A partir do momento em que o amor verdadeiro e a promessa de uma vida artística se converteram numa miragem, sendo a única consolação uns tragos de álcool, a desesperança instala-se. O suicídio surge como a única fuga possível. É precisamente no instante em que equaciona atirar-se ao mar que Ginny conhece Mickey Rubin (Justin Timberlake), uma nadador-salvador que sonha em tornar-se um romancista na linha de Eugene O’Neill, “um grande conhecedor da natureza humana”. Apesar de ainda ser muito novo, Mickey já correu o mundo, uma vez que se trata de um ex-combatente da Segunda Guerra Mundial. Estamos na década de 1950 e as conversas sobre teatro e literatura depressa resvalam para algo mais. Os encontros secretos multiplicam-se, levando Ginny a alimentar a ilusão de que poderá finalmente abandonar o parque de diversões que tanto despreza. Na companhia de Mickey, claro.
Mickey, por seu turno, não dá a mesma importância a este relacionamento – sobretudo depois de conhecer Carolina (Juno Temple), a filha recém-chegada de Humpty. Após ter fornecido informações sobre o marido ao FBI, Carolina pede refúgio ao pai, com quem não falava há vários anos. Perseguida por um par de criminosos e sem um tostão no bolso, acaba por se tornar, sem saber, a semente da discórdia: Ginny percebe que passou para segundo plano e os acessos de fúria são cada vez mais intensos. Até ao momento em que uma situação lhe permite responder a uma pergunta formulada dias antes: seremos impotentes perante o destino ou somos nós os autores das nossas pequenas tragédias? Neste ponto, é impossível não evocarmos a personagem de Martin Landau em “Crimes e Escapadelas”, que também se confrontou com uma decisão fatal. Contudo, “Roda Gigante” está muitos furos abaixo da obra-prima de 1989, ainda que não seja o pior filme de Woody Allen.
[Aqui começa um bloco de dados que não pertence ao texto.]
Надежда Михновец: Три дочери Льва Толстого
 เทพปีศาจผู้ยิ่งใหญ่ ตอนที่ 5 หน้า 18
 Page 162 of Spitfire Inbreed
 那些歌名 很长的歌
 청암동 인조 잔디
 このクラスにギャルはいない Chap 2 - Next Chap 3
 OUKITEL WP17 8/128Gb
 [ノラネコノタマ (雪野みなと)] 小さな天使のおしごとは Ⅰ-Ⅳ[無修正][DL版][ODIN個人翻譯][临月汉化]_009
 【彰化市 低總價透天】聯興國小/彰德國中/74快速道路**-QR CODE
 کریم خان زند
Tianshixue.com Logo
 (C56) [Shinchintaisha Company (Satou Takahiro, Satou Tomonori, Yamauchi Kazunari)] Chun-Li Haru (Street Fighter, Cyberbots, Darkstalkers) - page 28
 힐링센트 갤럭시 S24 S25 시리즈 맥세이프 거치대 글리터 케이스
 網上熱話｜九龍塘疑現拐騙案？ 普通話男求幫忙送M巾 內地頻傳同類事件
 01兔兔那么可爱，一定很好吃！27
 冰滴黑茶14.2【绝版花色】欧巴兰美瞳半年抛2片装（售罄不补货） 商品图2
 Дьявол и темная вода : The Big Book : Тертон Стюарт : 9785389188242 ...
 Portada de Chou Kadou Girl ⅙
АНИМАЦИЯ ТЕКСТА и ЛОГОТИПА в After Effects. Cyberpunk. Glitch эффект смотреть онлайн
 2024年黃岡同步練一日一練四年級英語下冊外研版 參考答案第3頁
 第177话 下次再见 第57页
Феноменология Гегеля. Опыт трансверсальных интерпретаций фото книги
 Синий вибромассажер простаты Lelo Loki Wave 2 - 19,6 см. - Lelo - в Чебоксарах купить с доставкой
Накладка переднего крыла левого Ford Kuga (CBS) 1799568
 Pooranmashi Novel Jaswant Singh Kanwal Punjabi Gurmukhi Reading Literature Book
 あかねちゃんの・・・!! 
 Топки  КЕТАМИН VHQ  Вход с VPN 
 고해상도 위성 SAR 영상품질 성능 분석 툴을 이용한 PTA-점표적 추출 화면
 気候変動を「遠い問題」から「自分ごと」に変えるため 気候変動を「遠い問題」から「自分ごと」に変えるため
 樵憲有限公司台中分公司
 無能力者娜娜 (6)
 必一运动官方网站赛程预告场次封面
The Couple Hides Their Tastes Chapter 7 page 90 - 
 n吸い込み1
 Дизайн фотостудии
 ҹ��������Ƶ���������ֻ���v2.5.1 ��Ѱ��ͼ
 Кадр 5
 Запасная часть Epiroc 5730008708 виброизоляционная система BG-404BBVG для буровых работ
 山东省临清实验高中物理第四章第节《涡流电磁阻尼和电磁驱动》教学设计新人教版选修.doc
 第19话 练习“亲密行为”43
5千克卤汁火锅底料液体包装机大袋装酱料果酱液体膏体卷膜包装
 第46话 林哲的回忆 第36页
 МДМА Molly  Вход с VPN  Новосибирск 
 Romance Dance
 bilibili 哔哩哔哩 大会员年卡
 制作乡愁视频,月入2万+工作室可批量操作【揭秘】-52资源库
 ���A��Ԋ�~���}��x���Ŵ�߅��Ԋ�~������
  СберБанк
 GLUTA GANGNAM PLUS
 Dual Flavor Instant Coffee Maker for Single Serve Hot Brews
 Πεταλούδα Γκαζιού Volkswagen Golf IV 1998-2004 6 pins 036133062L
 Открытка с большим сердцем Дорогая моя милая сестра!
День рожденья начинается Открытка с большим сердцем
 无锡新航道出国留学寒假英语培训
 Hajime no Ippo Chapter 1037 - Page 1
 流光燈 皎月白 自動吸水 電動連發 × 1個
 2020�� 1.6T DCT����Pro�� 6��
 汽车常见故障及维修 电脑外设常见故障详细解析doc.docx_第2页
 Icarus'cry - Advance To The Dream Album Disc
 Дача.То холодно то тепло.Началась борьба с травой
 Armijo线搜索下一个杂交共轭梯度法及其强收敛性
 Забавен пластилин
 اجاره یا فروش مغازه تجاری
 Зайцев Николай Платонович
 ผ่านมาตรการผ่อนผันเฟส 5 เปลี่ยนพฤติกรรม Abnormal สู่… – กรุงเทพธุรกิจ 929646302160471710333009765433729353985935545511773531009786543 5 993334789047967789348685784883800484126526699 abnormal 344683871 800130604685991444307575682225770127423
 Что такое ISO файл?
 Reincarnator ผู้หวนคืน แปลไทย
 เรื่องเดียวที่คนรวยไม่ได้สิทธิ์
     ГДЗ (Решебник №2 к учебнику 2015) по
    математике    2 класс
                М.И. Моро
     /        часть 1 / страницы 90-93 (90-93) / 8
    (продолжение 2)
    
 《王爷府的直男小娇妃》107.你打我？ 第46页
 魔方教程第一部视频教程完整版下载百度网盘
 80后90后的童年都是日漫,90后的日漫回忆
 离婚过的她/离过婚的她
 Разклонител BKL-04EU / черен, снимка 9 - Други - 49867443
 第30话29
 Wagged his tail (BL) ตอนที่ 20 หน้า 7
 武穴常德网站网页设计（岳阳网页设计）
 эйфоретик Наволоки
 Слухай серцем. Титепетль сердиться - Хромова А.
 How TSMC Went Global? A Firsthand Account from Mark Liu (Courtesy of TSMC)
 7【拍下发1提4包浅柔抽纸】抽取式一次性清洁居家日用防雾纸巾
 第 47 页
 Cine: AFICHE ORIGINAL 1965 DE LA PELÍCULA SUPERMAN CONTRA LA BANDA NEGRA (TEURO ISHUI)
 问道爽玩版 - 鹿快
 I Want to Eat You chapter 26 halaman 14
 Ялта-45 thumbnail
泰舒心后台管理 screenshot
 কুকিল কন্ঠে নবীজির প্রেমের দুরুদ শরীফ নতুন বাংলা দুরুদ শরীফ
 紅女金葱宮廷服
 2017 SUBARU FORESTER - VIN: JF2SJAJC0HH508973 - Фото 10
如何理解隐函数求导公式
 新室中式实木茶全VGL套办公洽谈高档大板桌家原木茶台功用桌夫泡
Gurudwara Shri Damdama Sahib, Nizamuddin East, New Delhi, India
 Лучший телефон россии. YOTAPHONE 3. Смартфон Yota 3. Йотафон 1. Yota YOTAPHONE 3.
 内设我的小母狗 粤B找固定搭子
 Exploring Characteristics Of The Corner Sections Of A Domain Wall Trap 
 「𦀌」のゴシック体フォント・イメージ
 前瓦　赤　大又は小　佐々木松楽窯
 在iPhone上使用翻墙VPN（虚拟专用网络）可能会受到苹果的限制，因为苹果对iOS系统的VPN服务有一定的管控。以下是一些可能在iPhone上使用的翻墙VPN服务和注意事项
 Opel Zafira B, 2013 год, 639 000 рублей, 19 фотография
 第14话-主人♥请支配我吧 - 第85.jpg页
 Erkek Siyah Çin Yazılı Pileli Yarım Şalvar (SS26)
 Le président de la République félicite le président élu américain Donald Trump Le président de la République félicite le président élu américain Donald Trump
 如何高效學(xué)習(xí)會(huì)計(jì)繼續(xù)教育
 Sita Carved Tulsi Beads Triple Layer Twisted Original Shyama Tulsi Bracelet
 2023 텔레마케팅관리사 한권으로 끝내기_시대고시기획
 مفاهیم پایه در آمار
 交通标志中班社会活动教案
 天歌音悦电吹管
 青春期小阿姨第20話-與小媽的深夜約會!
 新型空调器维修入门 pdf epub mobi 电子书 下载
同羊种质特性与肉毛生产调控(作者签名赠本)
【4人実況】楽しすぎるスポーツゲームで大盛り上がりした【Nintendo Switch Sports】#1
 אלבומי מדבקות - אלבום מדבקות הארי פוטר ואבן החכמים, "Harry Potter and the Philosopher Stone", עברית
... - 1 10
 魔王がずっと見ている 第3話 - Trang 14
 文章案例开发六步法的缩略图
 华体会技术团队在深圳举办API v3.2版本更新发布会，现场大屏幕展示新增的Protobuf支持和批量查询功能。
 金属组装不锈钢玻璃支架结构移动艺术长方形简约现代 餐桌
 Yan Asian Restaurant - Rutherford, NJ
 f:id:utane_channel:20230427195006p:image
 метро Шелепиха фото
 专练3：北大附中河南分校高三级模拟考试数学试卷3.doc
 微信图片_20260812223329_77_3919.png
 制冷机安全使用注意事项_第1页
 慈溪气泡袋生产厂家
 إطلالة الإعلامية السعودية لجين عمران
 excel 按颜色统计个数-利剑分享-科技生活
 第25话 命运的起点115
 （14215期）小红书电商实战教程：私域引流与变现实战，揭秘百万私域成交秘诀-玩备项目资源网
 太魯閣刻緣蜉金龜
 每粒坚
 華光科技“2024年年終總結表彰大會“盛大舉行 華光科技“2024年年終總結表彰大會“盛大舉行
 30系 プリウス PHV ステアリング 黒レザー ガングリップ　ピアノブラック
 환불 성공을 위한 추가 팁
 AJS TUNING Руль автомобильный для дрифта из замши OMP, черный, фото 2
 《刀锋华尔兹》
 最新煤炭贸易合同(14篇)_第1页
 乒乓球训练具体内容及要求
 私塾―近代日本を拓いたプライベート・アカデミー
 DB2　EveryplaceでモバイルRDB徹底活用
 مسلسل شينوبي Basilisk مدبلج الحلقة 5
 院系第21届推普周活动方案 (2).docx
Além disso, não deixa de ser um consolo ver como o cineasta aborda um dos seus temas mais caros – destino vs. livre-arbítrio -, prestando uma homenagem à grande literatura – desde a tragédia grega aos romances de Tchékhov. A melancolia e o peso das fatalidades sempre tiveram uma enorme relevância na sua filmografia, e o talento de Winslet imprime uma densidade inequívoca a esta longa-metragem. Que o Altíssimo conserve o realizador em boa forma: aguardamos o 50.º filme com inusitada expectativa.